Line by line, give the data again exactly as it appears, but without pictures.

=== DATA SHOWN ===
***
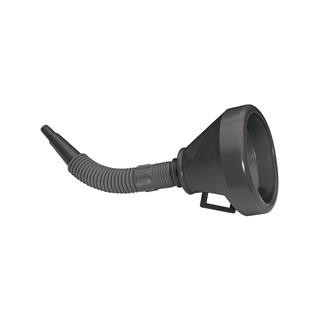 Entonnoir flexible Draper | Oxmoto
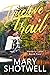 Truelove Trail (Waverly Lak...
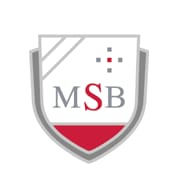 Medical School Berlin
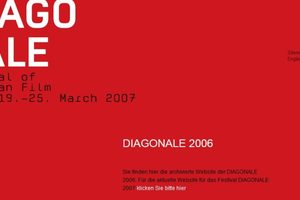 Diagonale 2006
***
=== RESULT OF THE TASK ===
 Entonnoir flexible Draper | Oxmoto
 Truelove Trail (Waverly Lak...
 Medical School Berlin
 Diagonale 2006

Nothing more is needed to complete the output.